[Collection entries]
↓↓↓

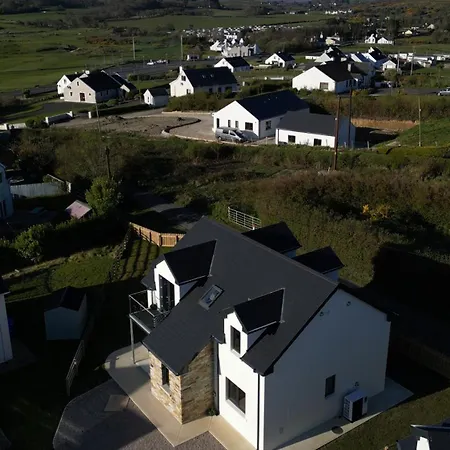 4 Bedroom House By Travel Lets Homes With Sea View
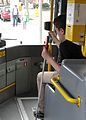 Benützen des für Sehbehinderte reservierten Sitzplatzes im BVG-Bus.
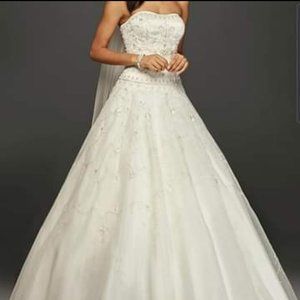 Olge Cassini Ball Gown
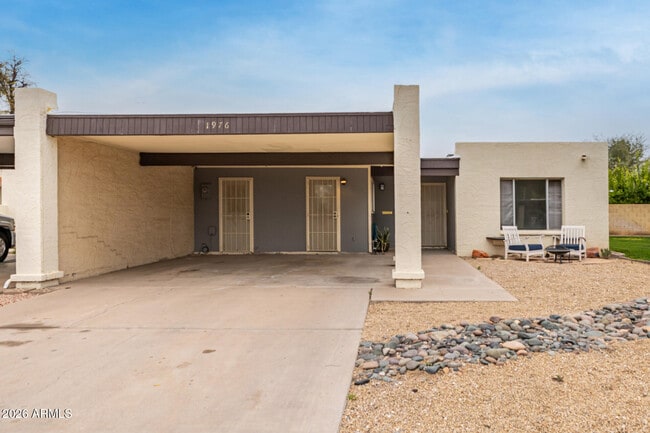 1976 E Del Sur Dr in Tempe, AZ - Building Photo - Building Photo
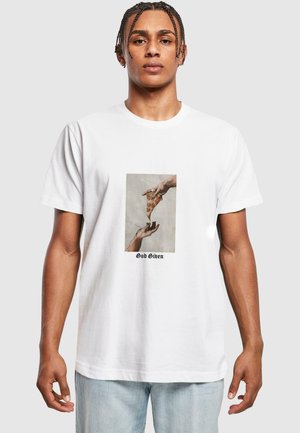 T-shirt en coton blanc avec un graphique centré représentant deux mains atteignant une part de pizza, avec le texte "God Given" en dessous de l'image.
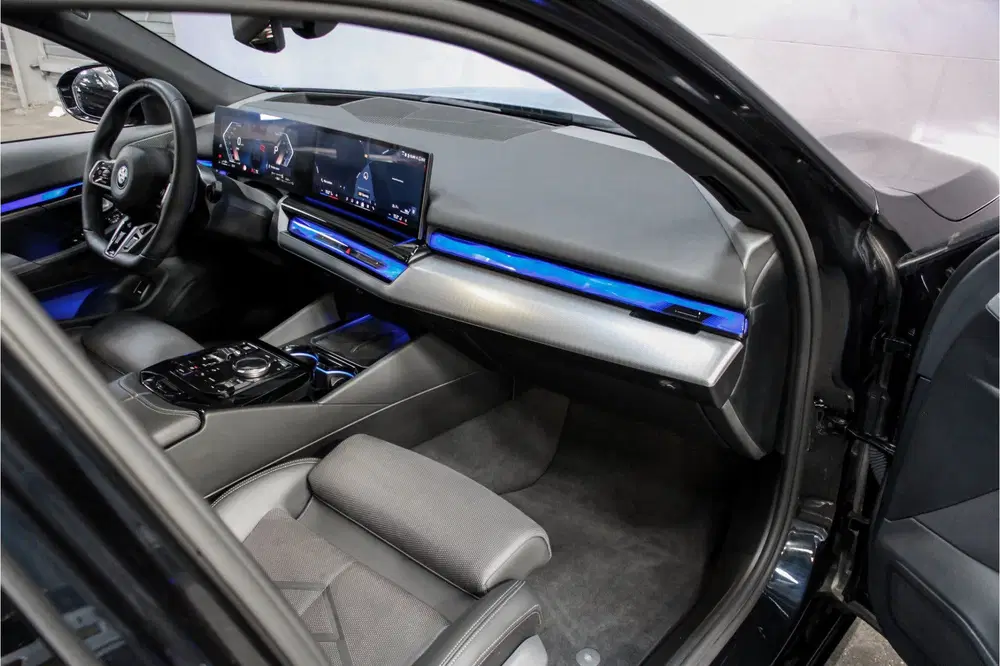 BMW 5-serie 5 Serie Touring 530e M Sport Shadow uit 2025, foto 14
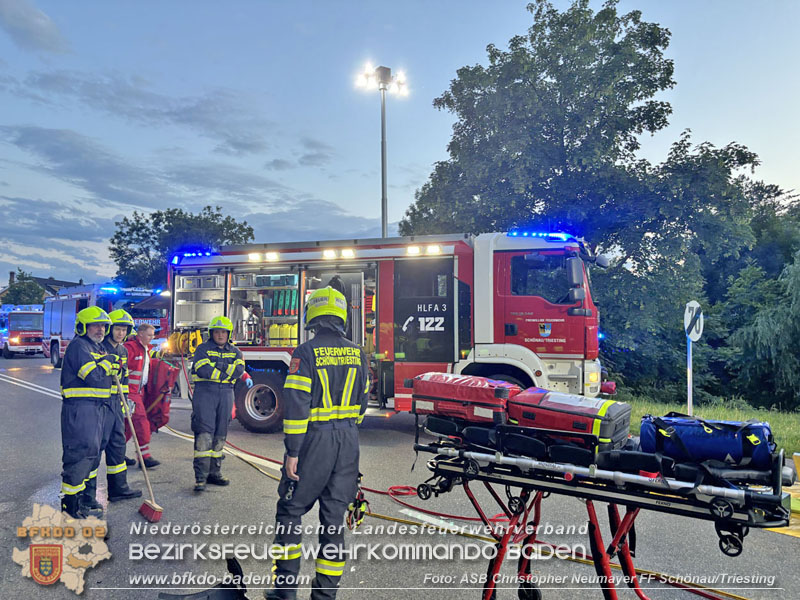 20240605_Personenrettung nach Verkehrsunfall auf der B17 in Gnselsdorf - Pkw gegen Omnibus  Foto: ASB Christopher Neumayer FF Schnau/Triesting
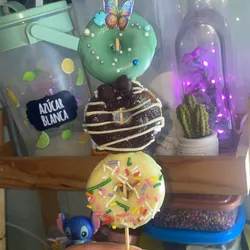 Brochetas 3 mini🍩 glaseadas con chocolate blanco y oscuro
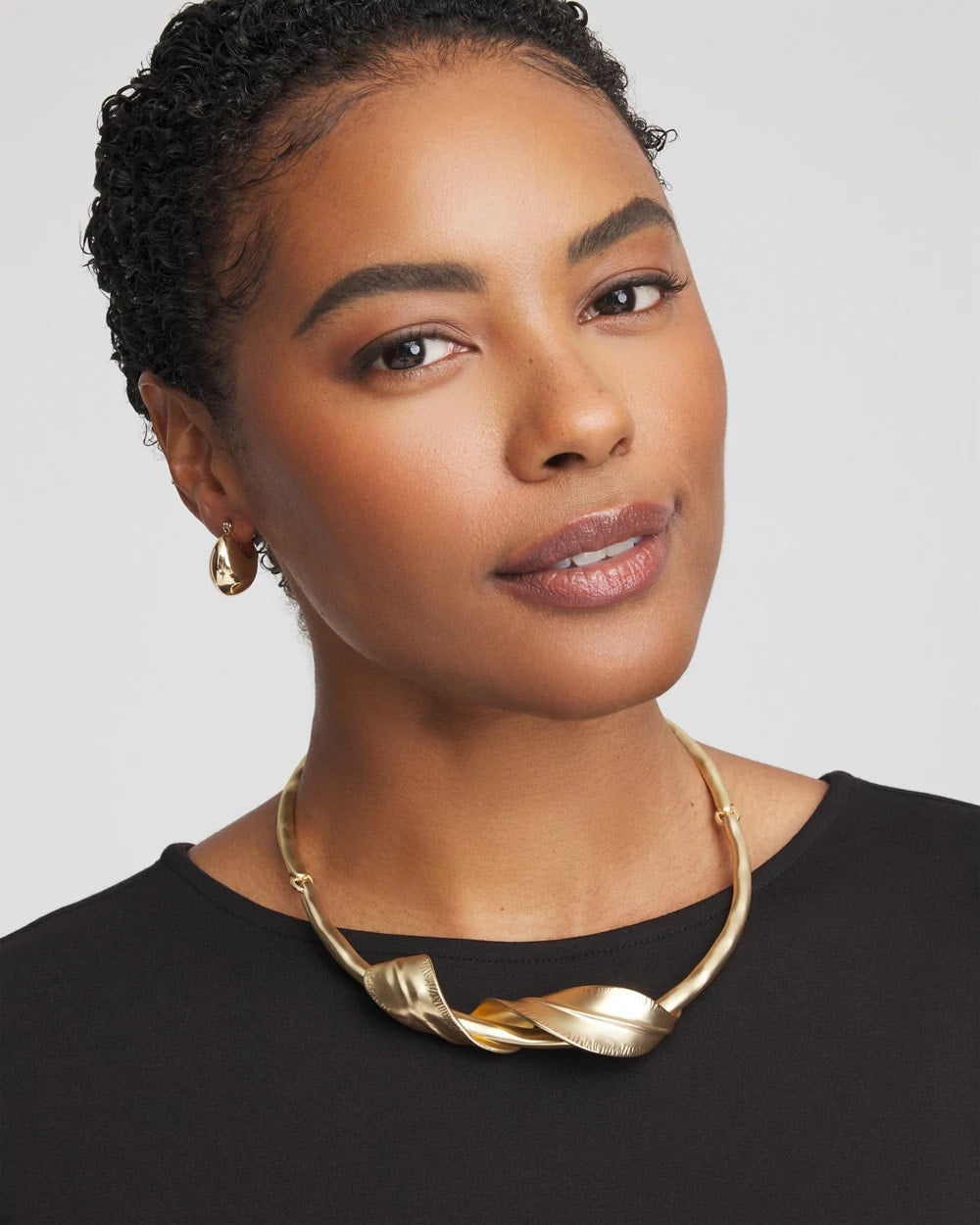 Chico's Smart Buy | Golden Leafy Collar Necklace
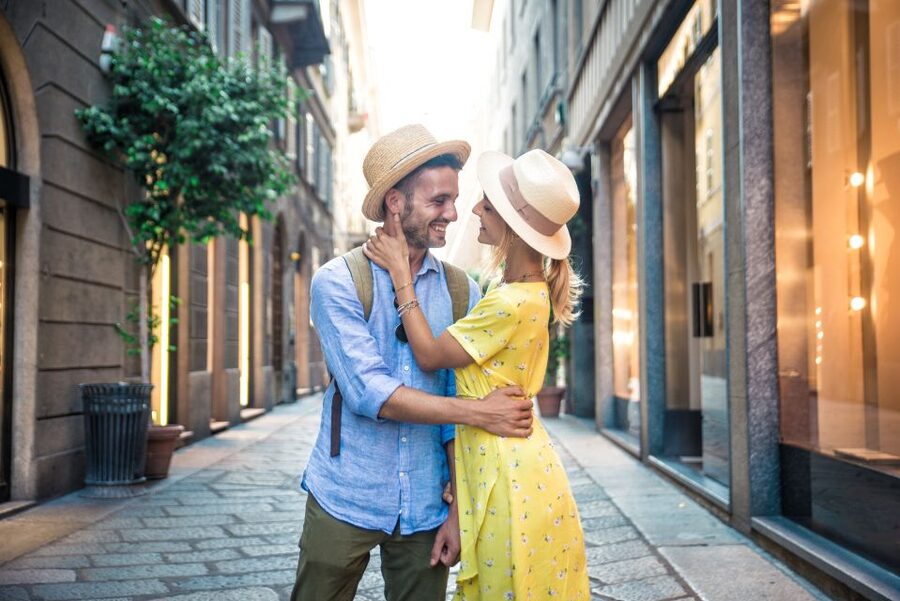 Milan: Romantic photoshoot for Couples - Should You Book This Milan Romantic Photoshoot?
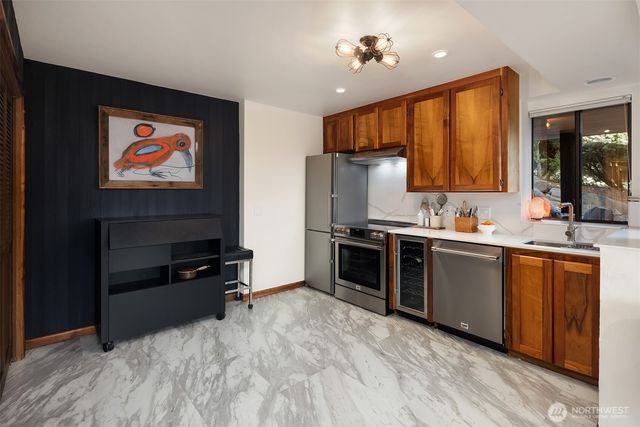9242 NE 14th Street, Clyde Hill, WA 98004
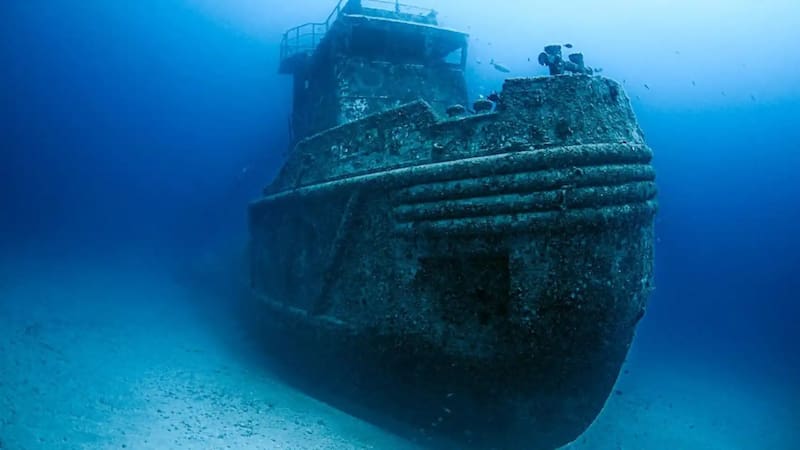 Confirman que existen 250 barcos hundidos llenos de toneladas de oro y plata en el medio del Pacífico, pero nadie los quiere rescatar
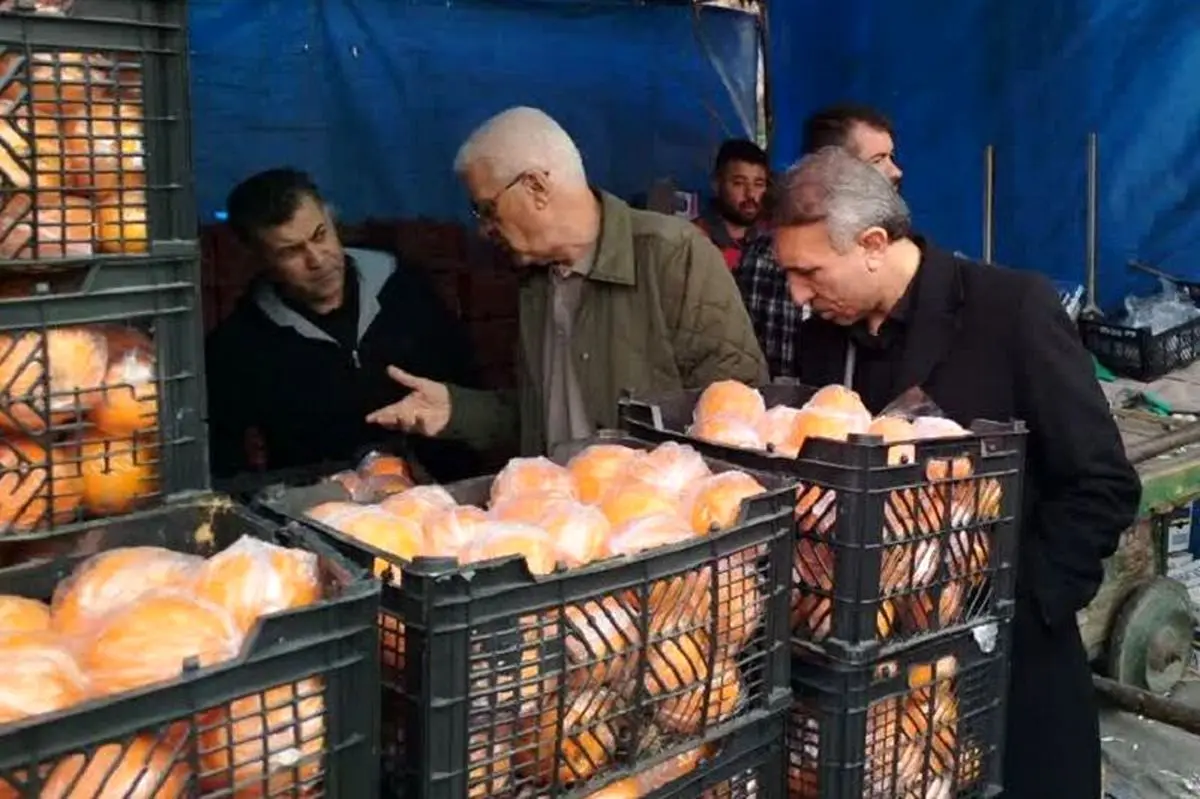 رصد غرفه‌ های عرضه میوه در آذربایجان‌ شرقی/ با غرفه‌داران متخلف برخورد می‌ شود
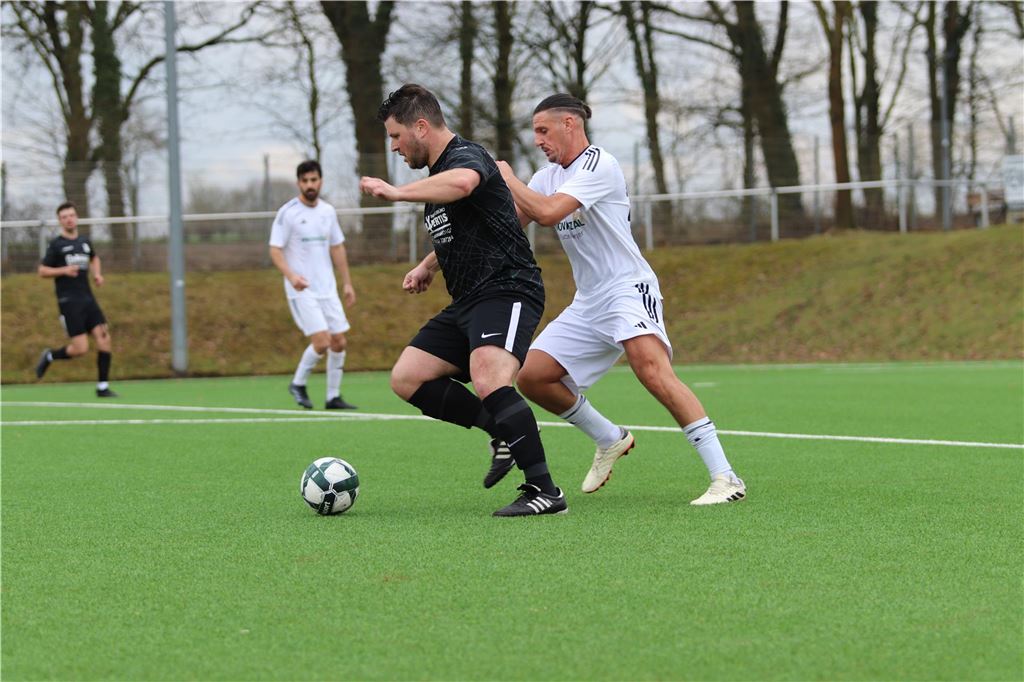 SC Fröndenberg siegt im Gemeinde-Derby gegen SV Frömern Zweikampf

↑↑↑

▸ Exercise goal
Could you set down, exactly as written, every line from the start of the records above through the line containing "9242 NE 14th Street, Clyde Hill, WA 98004", leaving the pictures out?

▸ Written response
 4 Bedroom House By Travel Lets Homes With Sea View
 Benützen des für Sehbehinderte reservierten Sitzplatzes im BVG-Bus.
 Olge Cassini Ball Gown
 1976 E Del Sur Dr in Tempe, AZ - Building Photo - Building Photo
 T-shirt en coton blanc avec un graphique centré représentant deux mains atteignant une part de pizza, avec le texte "God Given" en dessous de l'image.
 BMW 5-serie 5 Serie Touring 530e M Sport Shadow uit 2025, foto 14
 20240605_Personenrettung nach Verkehrsunfall auf der B17 in Gnselsdorf - Pkw gegen Omnibus  Foto: ASB Christopher Neumayer FF Schnau/Triesting
 Brochetas 3 mini🍩 glaseadas con chocolate blanco y oscuro
 Chico's Smart Buy | Golden Leafy Collar Necklace
 Milan: Romantic photoshoot for Couples - Should You Book This Milan Romantic Photoshoot?
9242 NE 14th Street, Clyde Hill, WA 98004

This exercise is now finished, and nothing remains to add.